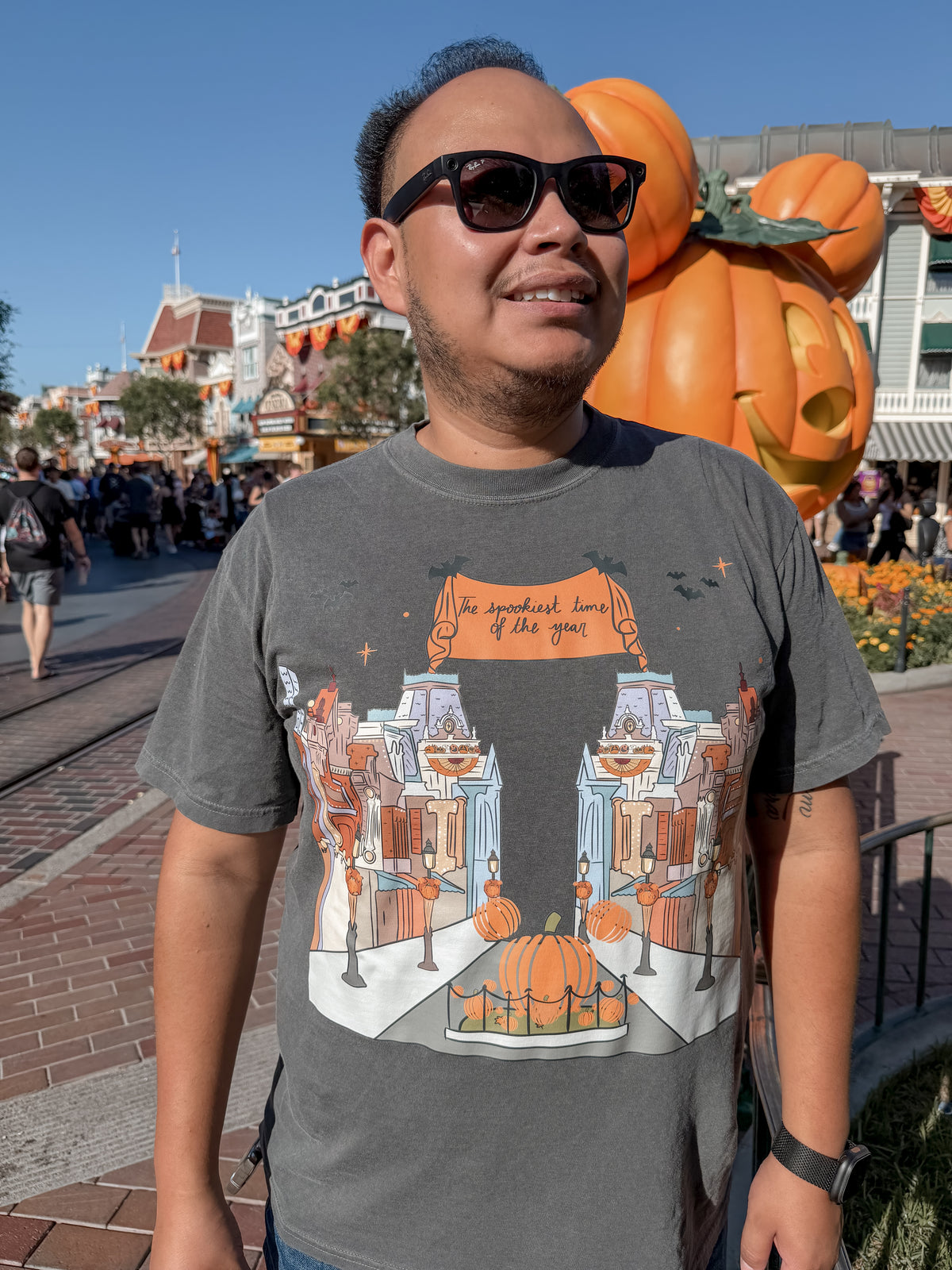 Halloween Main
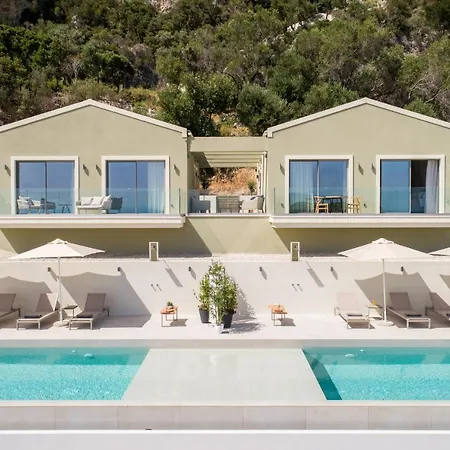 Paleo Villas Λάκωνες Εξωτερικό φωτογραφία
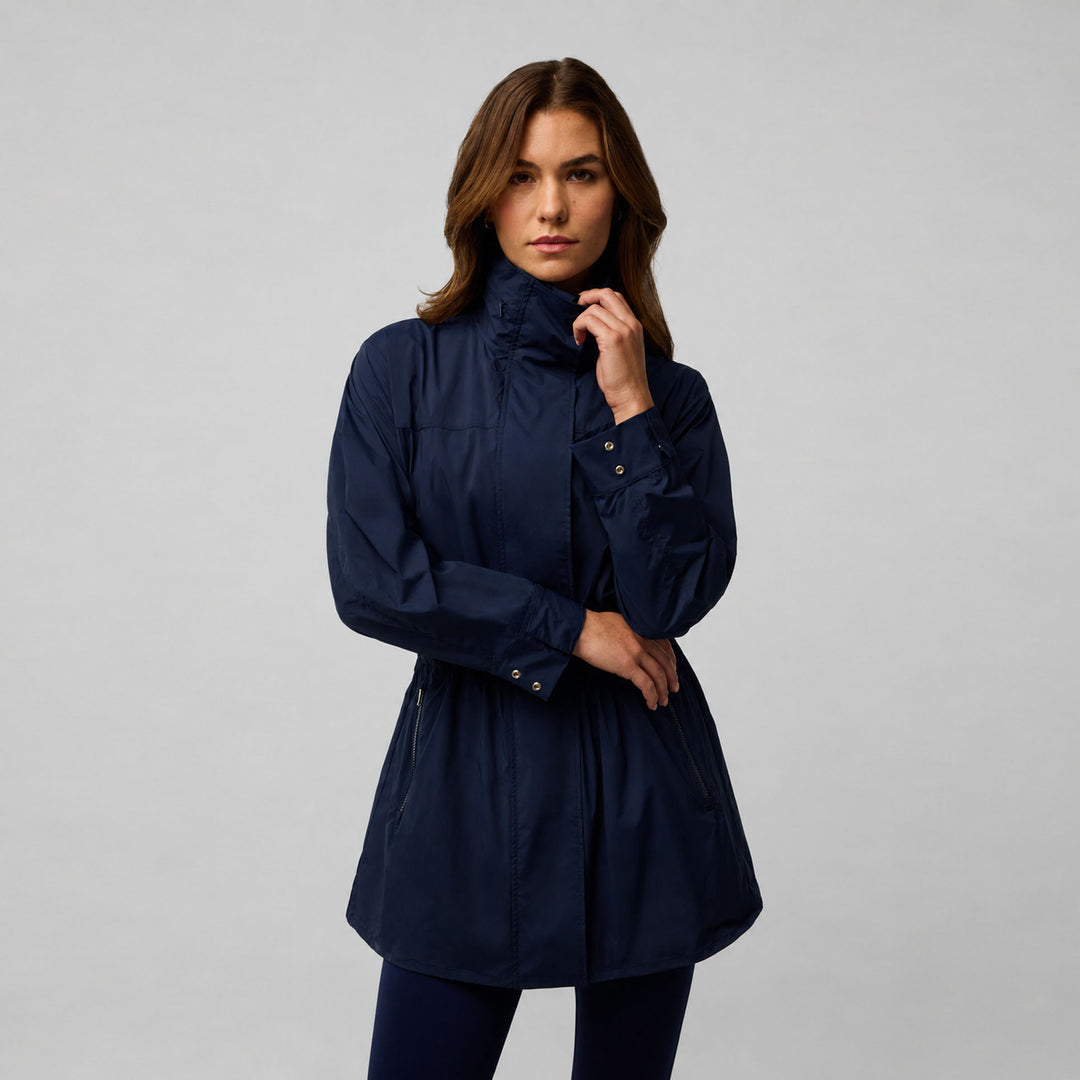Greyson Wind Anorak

____

| Exercise goal |
Each line of the data above must be repeated exactly, images excluded.

| Answer for this exercise |
 Halloween Main
 Paleo Villas Λάκωνες Εξωτερικό φωτογραφία
Greyson Wind Anorak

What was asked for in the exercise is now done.